Effects of Light Intensity on Plant Growth

Greetings, AFN members, OSP here. I’m a new AFN member moving in from another forum. After sneaking around a number of threads here looking for secret information, I’ve decided to start this thread. I want to evaluate the effects of light intensity on plant growth. More specifically, how lighting can be used to encourage or minimize plant stretch.
In the short time I’ve been a member here I’ve met a number of very knowledgeable growers, and I’m inviting each of you to participate or chime in as you see fit. Since I am new to AFN I’m sure I’ve missed a lot of interested parties. If you are reading this feel free to tag in anyone I’ve missed:
@fettled6 @912GreenSkell @bushmasterar15 @Waira @MedGrower @Son of Hobbes @Nosias @Screwauger @HemiSync @ChroToker @Need4Weed

I've grown photoperiods since forever under High Intensity Discharge (HID) lighting, and stretch has always been a thing to plan for. Several years ago I decided to experiment with an autoflower freebie, and since then I've completed (12) single-plant autoflower grows. To the point that I'm not doing photoperiods anymore. Maybe again one day. I have a Colombian Gold freebie that has brought back memories, but not today.
In the process of migrating from photoperiods to autoflowers, I also began a transition from HID to LED lighting. Over this period I began to see a pattern. With every one of my HID grows, all my autoflowers exhibited healthy stretch. It started quicker than photoperiods, but the overall effect was similar. Low Stress Training (LST) was effective, bud quality was very good and yield was very good to excellent. But with my LED grows, absolutely NONE of my autoflowers stretched. I had complete grows that never exceeded 10” in height.But with LED I can’t help but think much more is possible. Over 44+ years of growing I’ve seen well trained plants out-yield plants with no training every time. So I want the ability to encourage stretch in my plants.
For the sake of other AFN members, I believe the inverse of this stretch phenomena could be very beneficial to growers with a limited amount of grow space headroom. I want to prove or disprove, to some relative degree of certainty, that light intensity can be used to influence stretch when growing cannabis. But first I need to gather data on other growers’ experiences with plant stretch, and its association to light intensity during the plant’s lifecycle.
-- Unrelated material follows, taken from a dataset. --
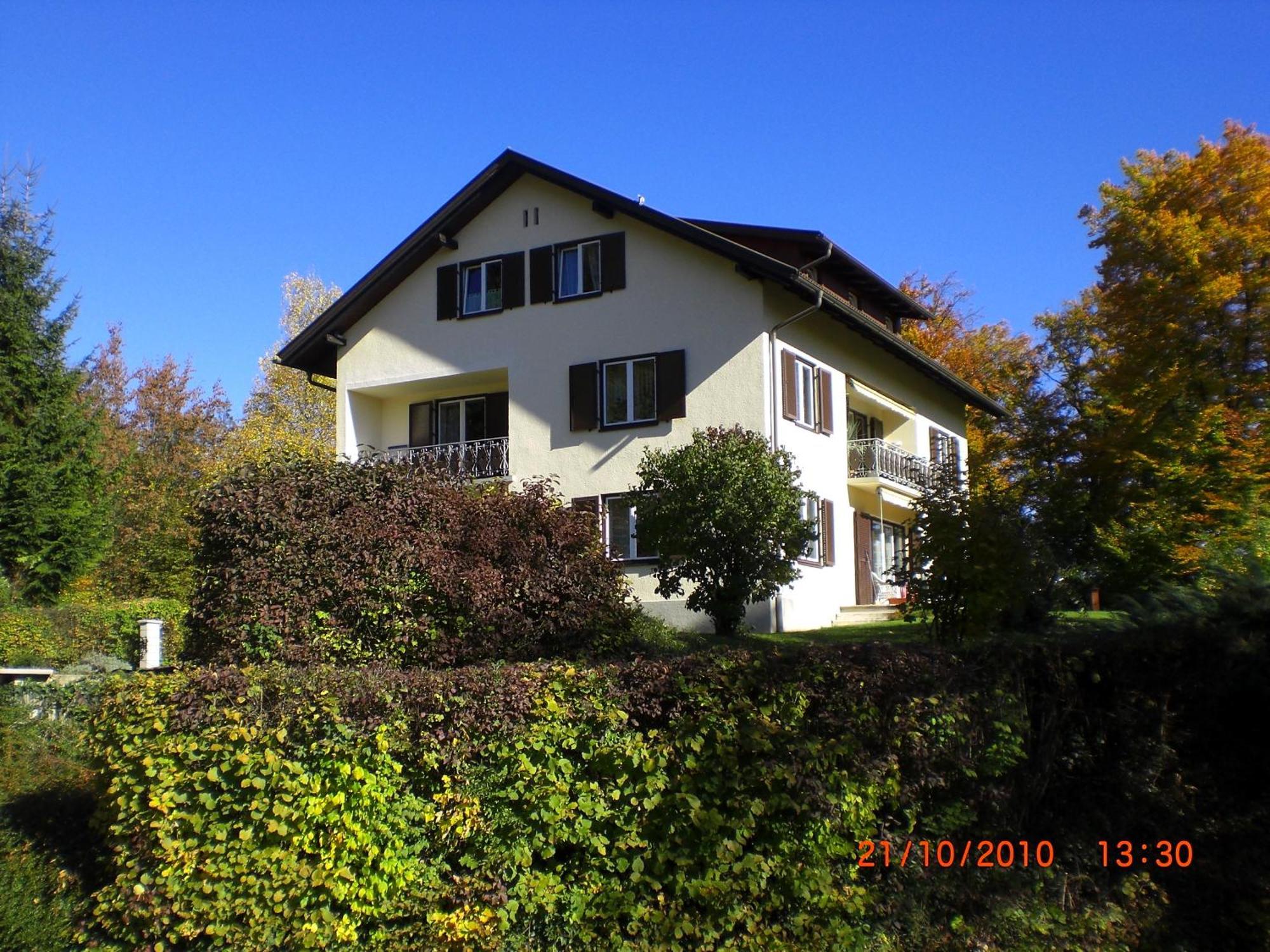 Haus Angelika - Ferienwohnung Woerthersee Portschach am Woerthersee Exterior photo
This is NOT an opinion piece of “is LED better than HID?” LED is certainly different, and in many respects (heat &efficiency) we all know it IS better. And this is NOT an attempt to compare LED lighting brands. There are numerous characteristics of LED lighting that determine light quality, and our most excellent site admin, @Son of Hobbes has started a thread on what parameters can be used to define those. His efforts may be reviewed here: https://www.autoflower.org/threads/what-should-be-on-a-grow-light-review.64857/ I’ve added a few well chosen thoughts on that topic - PAR watts, efficiency, most favored color spectrum, etc.. But I’m not smart enough to make that final differentiation so I’m happy to watch as SOH finishes that. The only facts I intend to present here are those I’ve experienced with my auto grows.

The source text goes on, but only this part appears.